I'm not completely satisfied with the API, either. When I want to use __builtin_expect it's almost always to check boolean values. It might be nice to have some macros which assume bools, like the current HEDLEY_LIKELY/HEDLEY_UNLIKELY macros (which don't have the probability parameter). I need to think of new names, but something like

#define HEDLEY_LIKELY(expr, probability) HEDLEY_PREDICT(!!(expr), 1, probability)
#define HEDLEY_UNLIKELY(expr, probability) HEDLEY_PREDICT(!!(expr), 0, probability)

It should also be possible to use this to use this to reverse a test for low probability items when using __builtin_expect, so HEDLEY_LIKELY(expr, 0.01) would become __builtin_expect(!!(expr), 0) instead of !!(expr).

If anyone has any thoughts and/or suggestions, please speak up!

[nemequ]

I just pushed 7646ce7ea2e1ede712f6a8a9ba9abe967ae5da98 to dev for testing with the names HEDLEY_PREDICT, HEDLEY_PREDICT_TRUE, and HEDLEY_PREDICT_FALSE, but I'm still very open to other ideas.

[travisdowns]

I definitely like the idea of a specialized boolean variant. My current use is 100% for indicating likely branch direction, so boolean use. Hedley would be a nice place to put those details, especially if other mechanisms pop up in the future which are branch specific.

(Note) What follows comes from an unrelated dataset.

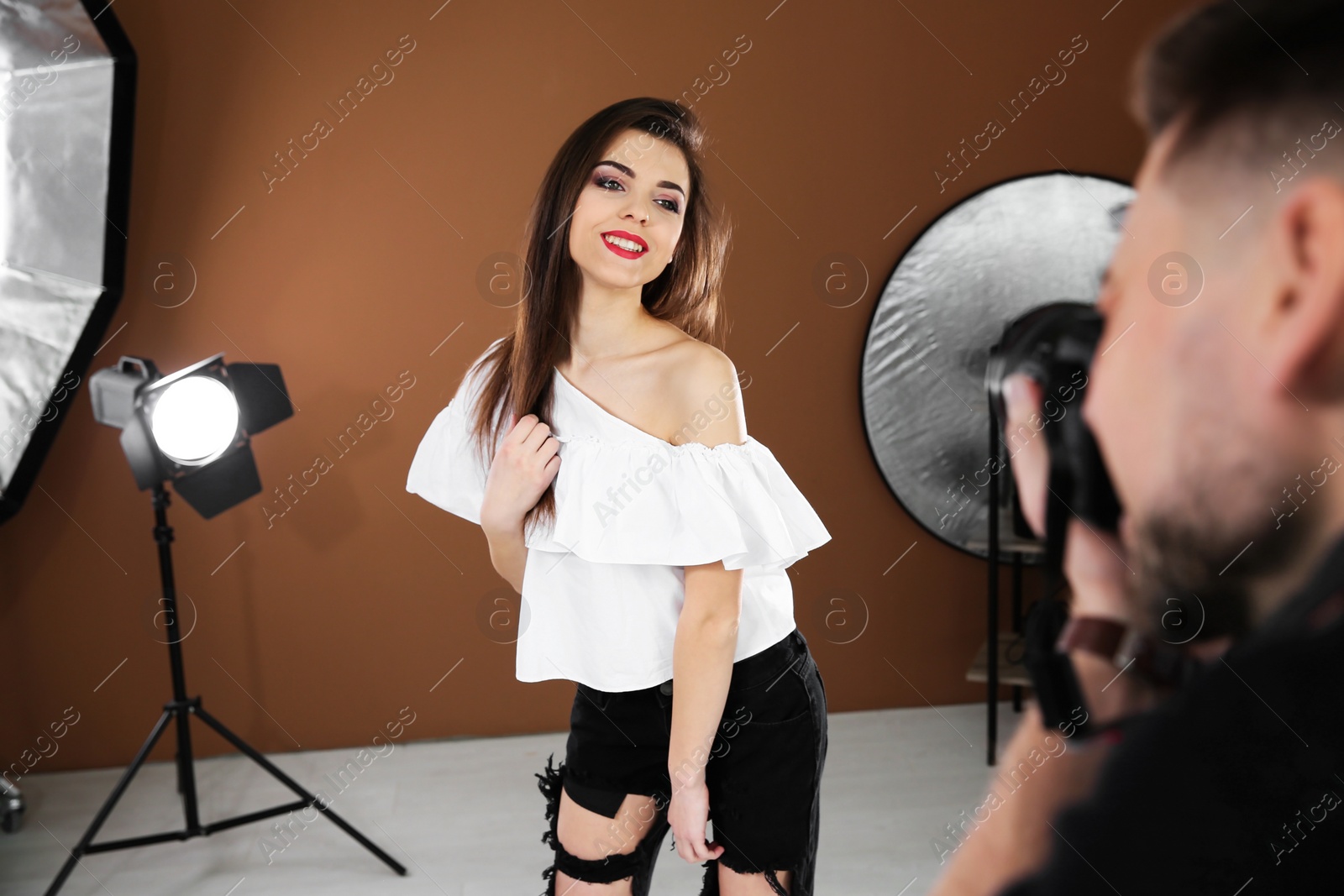 Photo of Beautiful young model posing for professional photographer in studio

Out of curiosity, are you aware of good uses outside of a branch context? There are plenty of use for "assume" type calls which can tell the compiler that a value has a restricted range, and so affects subsequent code generation, but the case is less clear for "expect" which makes no guarantees. Maybe for cases where knowing the value would allow prioritization of the most common values (switch table generation, etc?).

[travisdowns]

About choosing the threshold for emulation of _expect_prob with plain _expect, which is 0.9 in the above code, it might be good to check what the implied threshold is in gcc for the plain __builtin_expect and align it with that (or maybe you already did)?

I don't have a totally clear mental model of how this works, but for binary decisions a threshold of 0.50 might be better: if you have a branch that goes the same way 80% of the time you want to compile for that case. That is, the may the way it works for branches was that it's more or less a 2-way choice: the compiler just decides which direction is more likely (so 0.49 goes one way and 0.51 the other), and then compiles favoring the more likely way. However, it may also be a 3-way choice: strongly taken, strongly not-taken, and "mushy middle", and in the mushy middle case the compiler is more likely to favor, for example, branch-free code. I am not sure...

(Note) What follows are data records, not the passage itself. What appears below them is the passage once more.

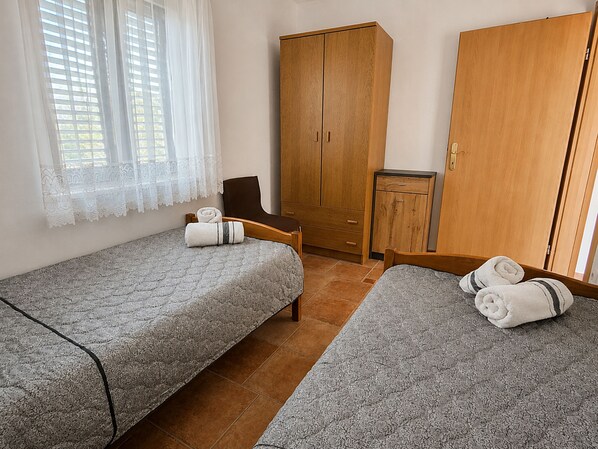 A room with two beds, a wooden wardrobe, a small cabinet, and a chair. - Apartment Luna (Rogoznica)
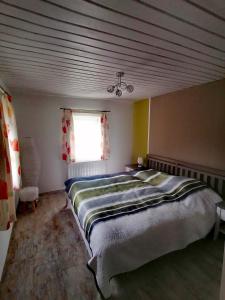 ein Schlafzimmer mit einem großen Bett in einem Zimmer mit einem Fenster in der Unterkunft Waldhaus Klein-Veitsch, Auszeit im Grünen in Niederaigen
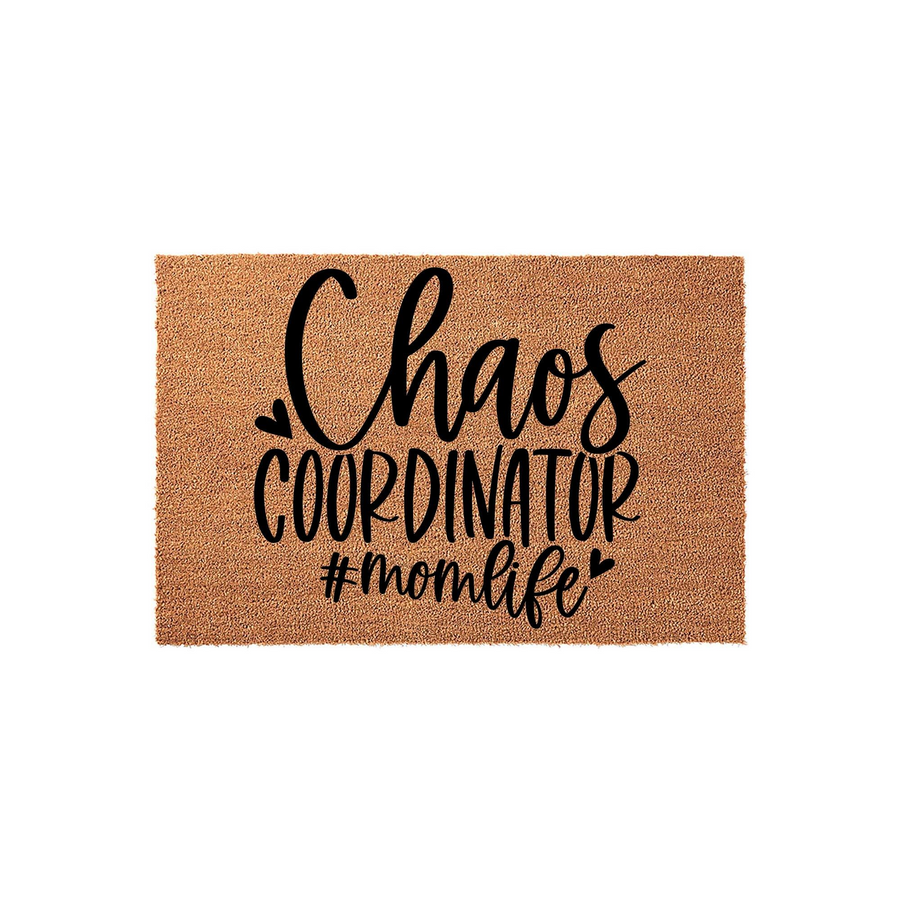 Chaos Coordinator Momlife Doormat featuring a natural coir texture with bold black lettering that reads Chaos Coordinator #momlife, creating a fun and welcoming entryway decor piece for any busy household front porch or home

That actually raises the key use I would expect of expect_probability - that it allows you to generate cmov-based branch-free code even in cases where the heuristics would usually say it's not worth it. I'll play with it once gcc-9 appears on godbolt.

[jibsen]

Out of curiosity, are you aware of good uses outside of a branch context? There are plenty of use for "assume" type calls which can tell the compiler that a value has a restricted range, and so affects subsequent code generation, but the case is less clear for "expect" which makes no guarantees. Maybe for cases where knowing the value would allow prioritization of the most common values (switch table generation, etc?).

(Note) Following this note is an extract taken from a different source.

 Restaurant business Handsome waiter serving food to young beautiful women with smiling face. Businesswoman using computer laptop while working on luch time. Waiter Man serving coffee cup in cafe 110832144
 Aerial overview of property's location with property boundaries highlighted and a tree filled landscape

Clang has __builtin_assume which lets you tell the compiler invariants on your data, MSVC has the similar __assume. I don't think GCC has something like that yet, there are some attempts to do it by calling __builtin_unreachable, if the condition is not true, but I don't know if it actually works.

[travisdowns]

Clang has __builtin_assume which lets you tell the compiler invariants on your data, MSVC has the similar __assume.

Yes, but that's exactly my point: this "assume" thing has a lot of uses, because you basically inject "assumed correct" information into the various analyses of the compiler (e.g., value propagation), and so the compiler can generate code based on these proven facts just as if it had proved the fact itself. The "expect" is different: it's just soft information, a hint about which way things usually go. The compiler has to generate code that works if the expectation is violated, but it may choose to make that code slower.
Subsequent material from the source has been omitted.